My children have had to grow up much faster than their age. Initially, my wife and I had decided to keep all this mess away from the children, but we failed because even when they went to school, the news would find them there, and the news would reach them in more disturbing and unfiltered ways. So we decided that whatever they get to know, they know it from us. We decided to tell them the truth right from our youngest daughter up so that when they hear that their dad is arrested or is in prison, they at least know that their dad is not in prison for committing a crime or for any immoral thing, but for the right thing and that has helped us. They have now been less traumatized. They’ve learned to look at the challenges and the stress they go through as a process and as a badge of honor.

In the film, you expressed your desire to have a conversation with General Museveni as you discussed how hard it is to be at odds with someone who was once your favorite politician. Has that conversation happened?

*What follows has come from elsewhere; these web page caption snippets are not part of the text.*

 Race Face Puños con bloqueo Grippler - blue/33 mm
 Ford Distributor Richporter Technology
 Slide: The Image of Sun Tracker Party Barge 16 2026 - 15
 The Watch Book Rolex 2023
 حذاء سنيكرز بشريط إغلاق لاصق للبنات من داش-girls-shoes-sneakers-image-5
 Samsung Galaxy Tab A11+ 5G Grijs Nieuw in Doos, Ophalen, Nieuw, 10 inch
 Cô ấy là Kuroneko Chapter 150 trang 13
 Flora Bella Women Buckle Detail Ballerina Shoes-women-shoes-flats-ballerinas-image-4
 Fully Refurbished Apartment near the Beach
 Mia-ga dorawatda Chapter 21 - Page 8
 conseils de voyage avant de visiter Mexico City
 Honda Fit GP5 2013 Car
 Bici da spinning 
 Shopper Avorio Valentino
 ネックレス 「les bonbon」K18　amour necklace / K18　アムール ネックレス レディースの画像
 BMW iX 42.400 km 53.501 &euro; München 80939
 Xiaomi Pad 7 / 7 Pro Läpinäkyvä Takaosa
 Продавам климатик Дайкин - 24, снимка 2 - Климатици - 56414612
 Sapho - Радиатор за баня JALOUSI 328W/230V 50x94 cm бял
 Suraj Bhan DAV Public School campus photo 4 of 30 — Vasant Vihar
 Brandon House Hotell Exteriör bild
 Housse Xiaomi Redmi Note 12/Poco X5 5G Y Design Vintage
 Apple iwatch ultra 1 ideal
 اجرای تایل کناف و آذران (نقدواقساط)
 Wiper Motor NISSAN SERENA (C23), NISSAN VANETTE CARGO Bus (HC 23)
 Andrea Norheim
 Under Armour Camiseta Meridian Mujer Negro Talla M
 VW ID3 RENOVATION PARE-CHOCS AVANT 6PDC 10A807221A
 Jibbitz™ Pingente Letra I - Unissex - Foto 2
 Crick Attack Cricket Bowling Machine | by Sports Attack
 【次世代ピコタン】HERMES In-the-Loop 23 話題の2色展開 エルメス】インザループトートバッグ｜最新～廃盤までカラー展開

The conversation has not happened. Probably because the conversation is such a challenge to General Museveni. I wouldn’t want to have that conversation in privacy because all the people that have criticized General Museveni and resisted him, but later had conversations with him, it has only ended in co-optation. His kind of talk has always been, how much money do you want or what position do you want? I want my conversation to be, what changes do we effect and when do you leave power? It must not be between me and him, it must be between him and the people of Uganda. I don’t mind representing that, but I can only be sure that I’m representing the people of Uganda if the conversation is public and transparent.

What do make of the remarks General Museveni made in the documentary?

Well, that is General Museveni. All the comments that he made, that’s him. He speaks with so much confidence because he’s so powerful and I’m sure he’s convinced that, ultimately, he is all powerful. That’s why he has the confidence to speak with that, for lack of a better word, arrogance and dismissiveness. He’s very different from the man that we all love. He’s very different from the man that my father and my grandfather and my elder brother joined in a war that took half a million of our people. He’s very different from the man he was when he was my age.

Should you not succeed in removing the current president from office in future elections, what will happen when he dies?

Well, I cannot be sure, but from what we see, he’s trying to build a monarch. He has promoted his son to the highest rank in the military. He is running a parallel army, the elite army, which is in charge of guarding General Museveni and he’s the most funded and most equipped. So we think that if General Museveni dies in power, then it will be just like the same precedent that has been set by other African dictators like Ali Bongo, who was succeeded by his son, Omar Bongo, in Gabon, and in Chad, and in many other countries.

What keeps your hope up in this fight?

The belief in good over evil and the belief that oppressed people cannot be oppressed all the time. The solidarity and support that we get from millions of people everywhere we go, including those working within the regime, supporting asylum. The majority of the people, both in Uganda and internationally, agree with us and confirm to us that this is a just fight. That keeps me going knowing that everything is worth it, including my life.